Preventive or Preventative (AARGH – it is always preventive). This is one of those little nagging pet peeves. Even though Merriam-Webster states: "There is no difference between preventive and preventative. They are both adjectives that mean 'used to stop something bad from happening.'" Merriam-Webster also says: "Preventive, however, is used much more frequently than preventative." It is like Coke and Pepsi – Pepsi is not OK. I feel better now that we have had that discussion. 


We always say in training that preventive controls are stronger than detective controls. Logically, that makes sense. Sticking with my favorite analogy – driving a car – there are so many preventive controls. A seat-belt and an airbag prevent you from being injured in an accident. Having your automobile inspected each year (in states that require inspections) is a detective control. The inspection will determine if your brakes are wearing thin or if other safety features are not working correctly. The check engine light might also be considered a detective control. I would rather have brakes working right the first time than finding out the hard way that they have failed.

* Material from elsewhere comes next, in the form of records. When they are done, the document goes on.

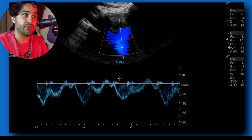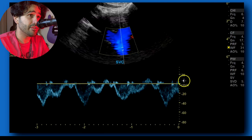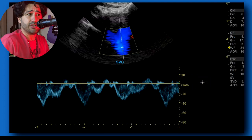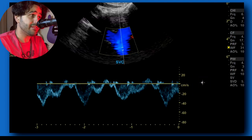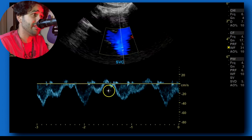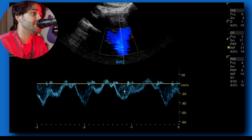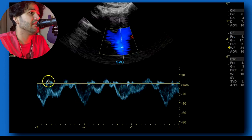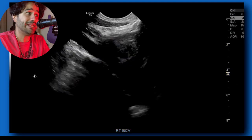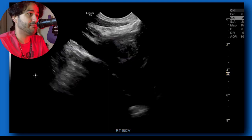After that, spectral doppler. Always make sure you have your gain, your scale, and everything set up nicely. You'll see it's a little phasic — that's from respiratory variations. Then on to the right brachiocephalic vein.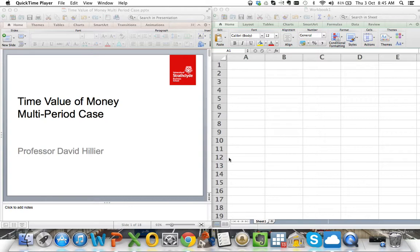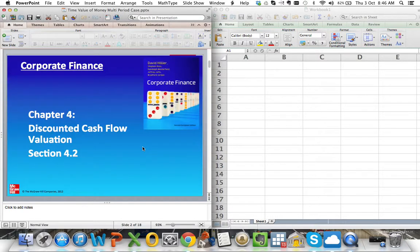Hello, my name is David Hillier, and I will be giving a short video on time value of money. This video carries on from my previous one that looks at the single period case. In this session, we're going to be looking at estimating value creation when the cash flows are spread over a number of periods. These videos are predominantly for my students at the University of Strathclyde, however, they are freely available for everyone to use. The slides I'll be using are taken from my book, Corporate Finance, and this particular section is section 4.2 on discounted cash flow valuation.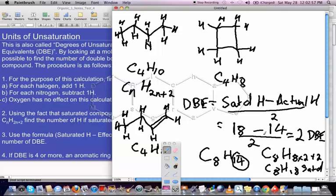So 18 minus 14 divided by 2 equals 2. This compound has two double bond equivalents. C8H14 could have two rings, two double bonds, or one ring and one double bond — we don't know which, but that's what the formula tells us.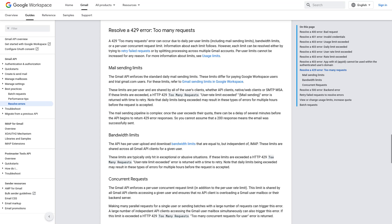There are two request limits. There is a daily limit that resets daily and a concurrent limit. For the daily limit, you can try waiting a few hours. For the concurrent limit, you can check if you have any extraneous services syncing to your Google account.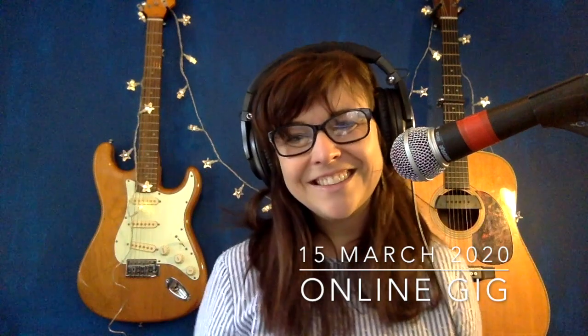Hi everybody! I'm doing a video as promised to share how I do my online gigs for my Patreon patrons.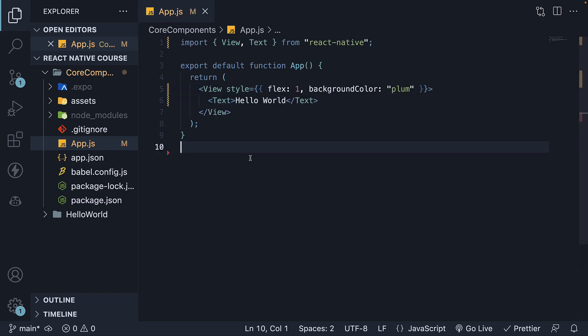Once we make this change and save the file, we can now see the text being displayed in the simulator and the emulator.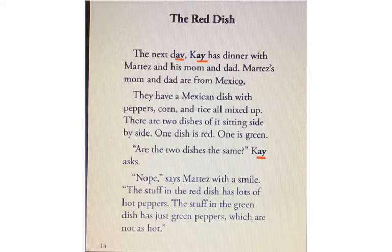But this is a story. It's from the book called Kay and Martez. This is not the first story in the book, but it was a really fun one. So I thought I would just tell you what the other stories were about so you can understand the background.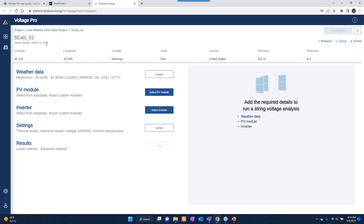Once I add the calculation, it immediately brings me to the calculation page. My calculation is automatically named S-Calc01 — I can rename, clone, or delete calculations. There's basic input information on the left and results will be on the right-hand side. I need to input weather data, module data, and inverter data. I have some simulation settings and then I'll submit the calculation to obtain the results.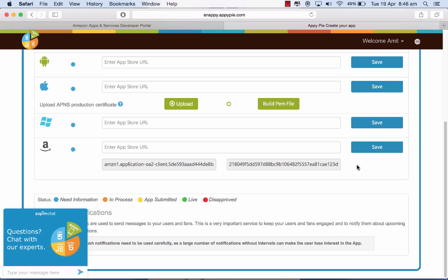So now once this gets saved, your push notifications get enabled for Amazon. Please note that the push notifications would get enabled once the app has gone live, so remember that. Thanks.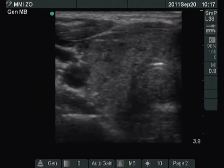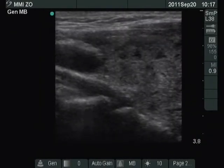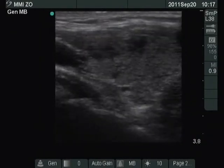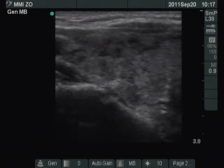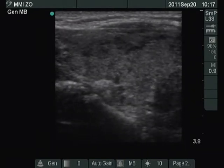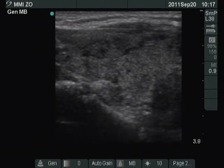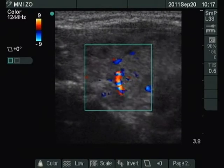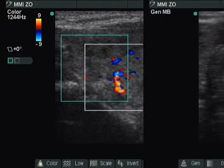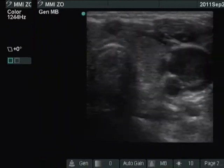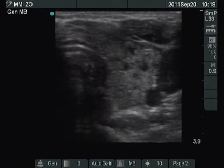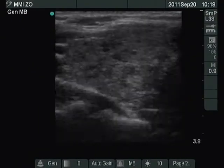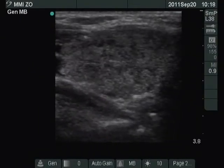The right lobe is echinormal and contains hypochogenic areas. The echogenicity index is around 15%. The left lobe has a similar appearance. This pattern corresponds to Hashimoto's thyroiditis.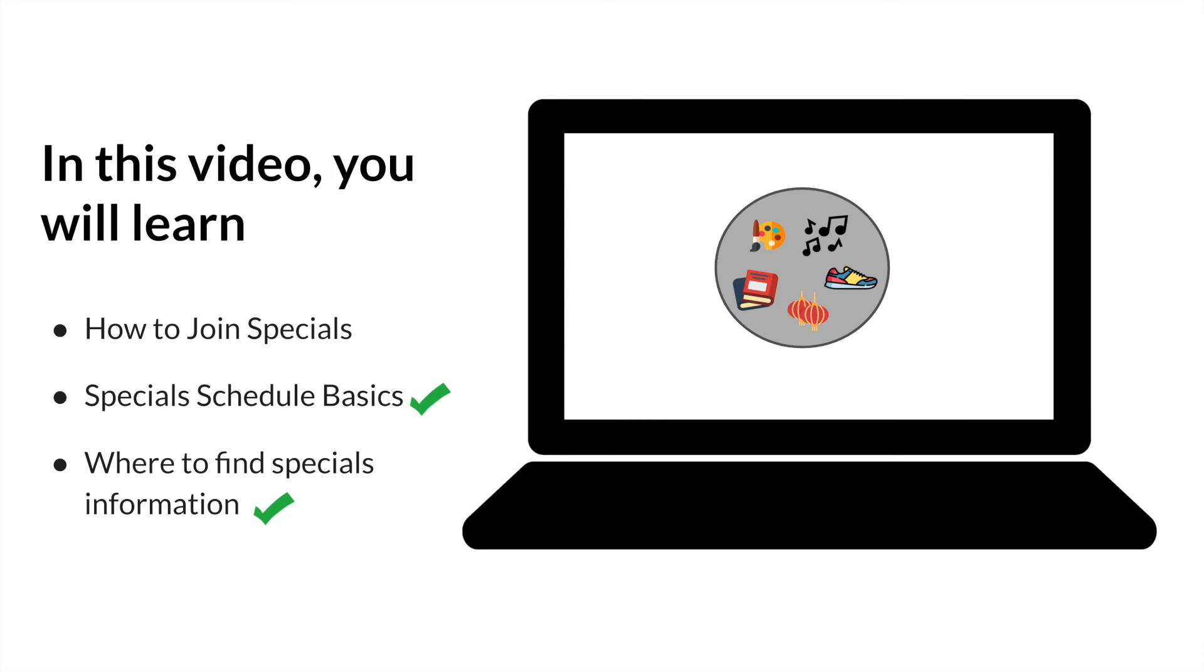In this video, we've covered how to join specials, special schedule basics at the virtual campus, and where you will find special schedule information now and in the future. If you should have any questions, please don't hesitate to contact your specials teachers directly at the email addresses provided in the specials communication coming from your classroom teachers. We look forward to meeting with each and every one of you soon.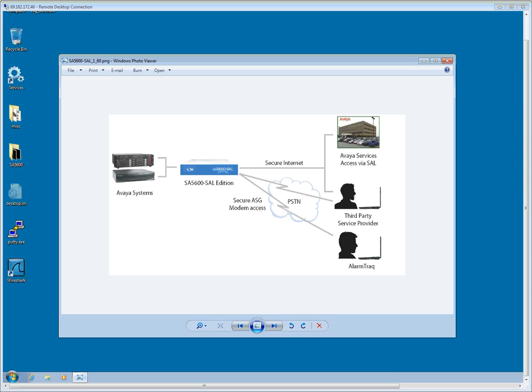In this video, we will demonstrate the initial configuration and testing of an ION Network's SA5600 ASG Defender Edition connected to an Avaya CM system at the customer site.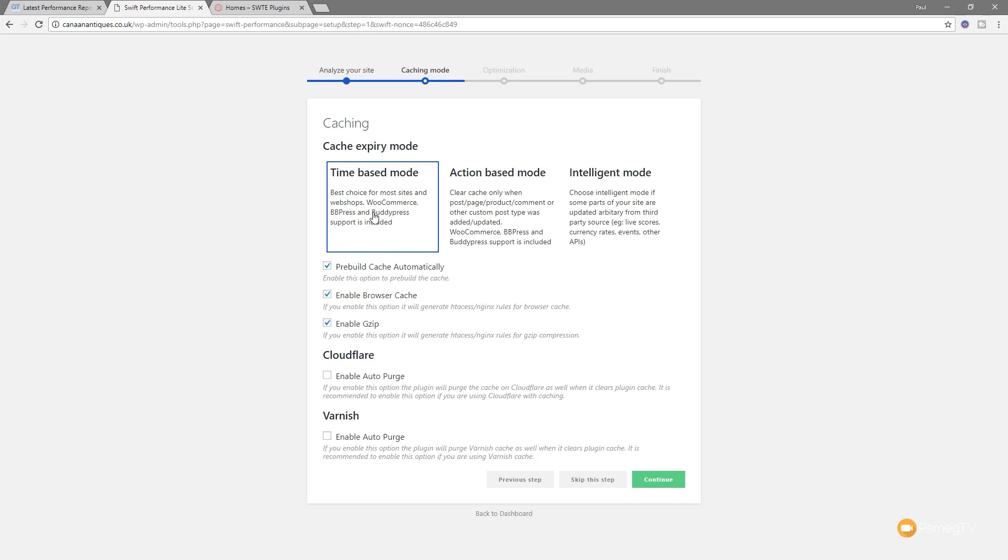We've then got three different options. We've got the time-based mode, action-based, and intelligent. And you can see that each one has various different settings, and depend upon how you've got your site set up will depend upon which you think is going to be the best option. Now for me, I'm going to simply go with the time-based mode. I'm going to leave everything else checked. They're all fine. I'm not going to worry too much about that. But obviously, if you know that these are different for you, check or uncheck depend upon your particular circumstances.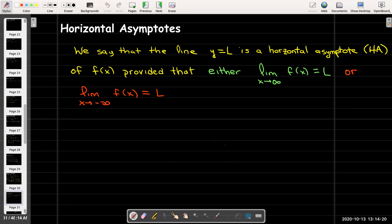We can now use calculus to define what a horizontal asymptote is. We say that the line y equals L is a horizontal asymptote (abbreviated HA) of f of x, provided that either the limit as x goes to infinity of f of x equals L, or the limit as x goes to negative infinity of f of x equals L. We have to check both limits when finding horizontal asymptotes.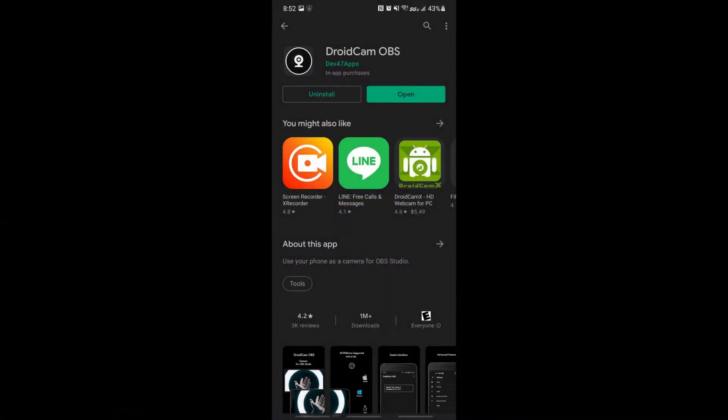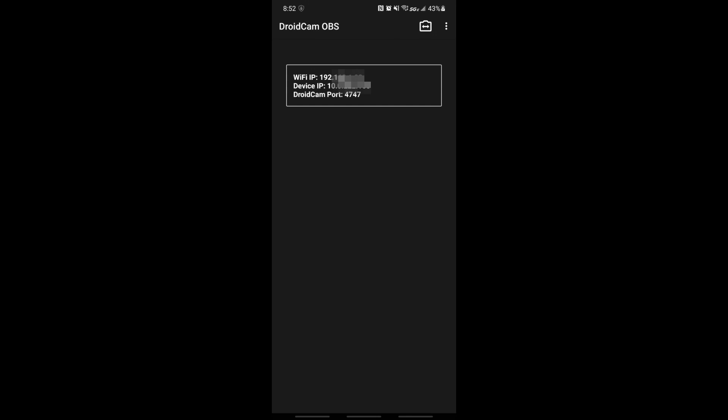The first thing you want to do is go into your phone, go into your Google Play Store, and find DroidCam OBS. It's made by Dev47Apps. This is not a sponsored video — they don't know who I am. The only way I benefit from this video is if you give me likes, shares, maybe subscribe. After you've installed that program and opened it, you will see your Wi-Fi IP, your device IP, and the DroidCam port. You don't need this information just yet, but hold on to it.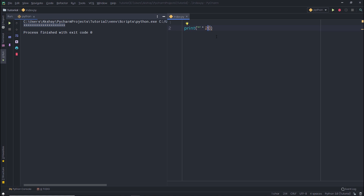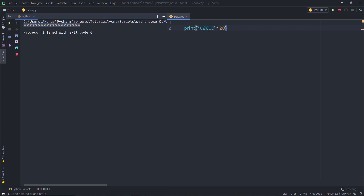What you need to understand here is that Python code gets executed line by line from top to bottom. The Python interpreter executes Python code from top to bottom and converts it so the machine can understand. Let me print some Unicode characters using the print statement. In single quotes I'm going to add backslash u 2600 and multiply it by 20. When I execute this, I'm going to have 20 sun icons. As an exercise, use the print statement to draw a sun, cloud, faces and so on using Unicode characters. Till then, I will see you in the next one.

Can we put preventive controls in place to mitigate ALL risks? Of course we can't, because humans make mistakes. Take reconciliation controls as an example. Can we prevent the bank from posting something in error (although it happens less and less frequently)? Can we prevent someone from posting to the wrong account? Of course not, so we do account reconciliations to detect those mistakes.


Do we need both preventive controls and detective controls to mitigate the same risk? That is a much harder question to answer. In the case of cyber-security, one could argue that we need preventive controls in place to stop someone from penetrating our system. We also need detective controls in place just in case they do get in. The old saying is that a hacker only needs to be right once, while our IT security team needs to be right all the time.

I think that sometimes the strongest preventive controls are automated and by changing our mitigation strategy from a manual control to an automated control is the easiest way to go from detective to preventive. It is also the easiest way to get rid of detective controls, once you have determined that the preventive controls are working. It is also the most expensive change to implement.


Good Luck to those working to make their companies more efficient while still mitigating the risk to achieving their strategic objective. Remember, I am always here to help.